Not that I think we’re in true ‘shark jumping’territory, but while the first few episodes of the season grappled with tone in a way that I haven’t seen in the series until this season, those leading to the season wrap-up is committed to a tone, and a theme, with a nagging consistency.
Warning: the following paragraphs contain spoilers, disillusionment and at least one split infinitive.
Stephen King once wrote about the bond a reader can form with a fictional character, one that is inexplicably strong for someone who exists solely in print and the reader’s mind. When he read John Irving’s The World According to Garp, he wrote that he was so shocked by the death of the protagonist’s youngest son that he put the book down and didn’t return to it for days. (I told you there were spoilers…I just didn’t mention that it was for a thirty-four year-old novel).
I try to untangle my feelings toward characters and those I harbour against those that create them. Of course, my heart aches for poor Joan. If she were a friend of my wife, I would treat her with extra kindness when she came to visit, make tea for the two women, and then take my dutiful leave so they might discuss Joan’s trials in private.
As for Matthew Weiner (and episode co-writer Semi Challas), I am perturbed. The list of travails laid at this character’s feet has started to beggar the imagination. After Joan surrendered herself to a sleazy head of the powerful Dealer’s Association so the agency could finally land the Jaguar account, I took stock of what Joan has been through since the show began. She was raped by the man who eventually became her husband; fathered a child out of wedlock, the paternity of which she did not reveal to her husband; faced the indignity of being a single parent at a time when that was sternly frowned upon, along with the coup de grace that was her husband suing her for divorce before she could act. This is the kind of tortured storyline more at home in a 20th century daily serial than a 21st century night time drama.

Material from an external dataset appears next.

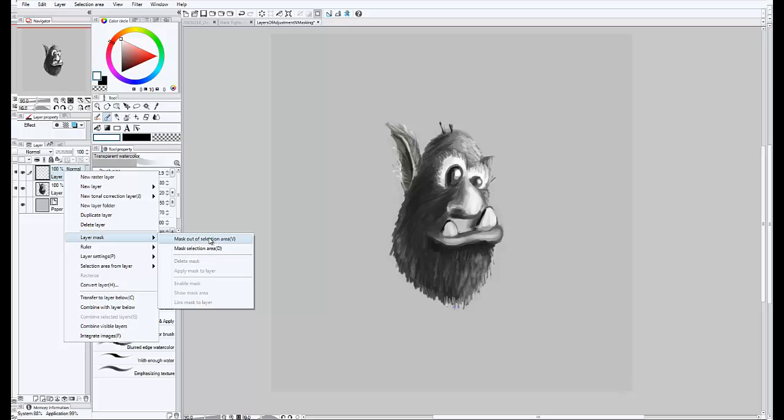Okay, so with layer mask you get two quick options. Normally you'd make a selection to make a layer mask, but I'm going to do the whole layer, which means at the moment nothing is selected. The two options are mask out of selection area, which means mask out the areas that are not selected,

The arguments are all fair: a woman in business at that time would not have many opportunities to crawl up on the corporate totem pole; she has to provide for herself and a young child in the most expensive city in the world; she’s a big fan of soap operas, so why shouldn’t her storyline read like one?
My problem is the compression of this within a single hour. Lane Pryce has had multiple episodes to fret over his money woes–in fact, the arc of this character stands in direct opposition to Joan’s development. If a character is to commit an act that, on face value, is wholly uncharacteristic, then attention must be paid. Lane has had to endure the strains of keeping a stiff upper lip at home and at work while wolves scratch at the door, so that when he finally defrauds his own company of money to throw the hunters off the scent it actually makes sense.
Joan is a strong woman, and it is a strength that does not preclude fear and self-doubt. The swiftness with which she moves from outrage to contemplation of this act of prostitution is hard to take. I don’t think that scenes shoe-horned in to broadly paint desperation would have worked either (Joan sitting at a dining room table awash in past due bills, a cascade of malfunctioning appliances, a closet full of threadbare clothes where there was once a regal wardrobe)–this is the sort of landscape changer that requires more room to breathe. Imagine if Lane’s arc and Joan’s were switched, and we had to watch Joan (a character integral to the series from the start) wrestle with this possibility, her own fate and that of the agency hanging in the balance, and a creeping sense of dread as she moved inexorably toward a horrible, horrible decision. That would have made for better viewing and allowed us to understand Joan’s decision, and even believe in it.
There is a moment that almost makes this development worthwhile. When Pete and the other partners discuss the proposition made by the corpulent lecher (as a portly fellow myself, I noticed that of course the guy defiling Joan had to be big–but at least he bought her a nice necklace, right?), the insanity of the discussion, and one attended exclusively by men, has potential. It reminded me of a pivotal scene in Paddy Chayefsky’s Network, where television executives gather to discuss how best to deal with an out-of-control, genuinely insane star of a hit television show. When the discussion turns the live broadcast of his assassination, it doesn’t feel the least bit strange. As a viewer it does, but watching those characters discuss those options in that world is sensible given everything that preceded it. As for a similar scene in ‘The Other Woman’, this is just not the case. At least in Chayefsky’s case, he didn’t have characters openly remark on the bizarre nature of the conversation as a way to cover the fact that the characters are engaged in, well, a bizarre conversation.
As for another integral character’s landscape-changing decision, Peggy’s departure from Sterling Cooper Draper Pryce and from Don’s tutelage is an event that has been built toward all season. The emotional impact of her decision and Don’s heart-broken response is devastating. It is also, most importantly, believable.
Joan deserved just as much attention.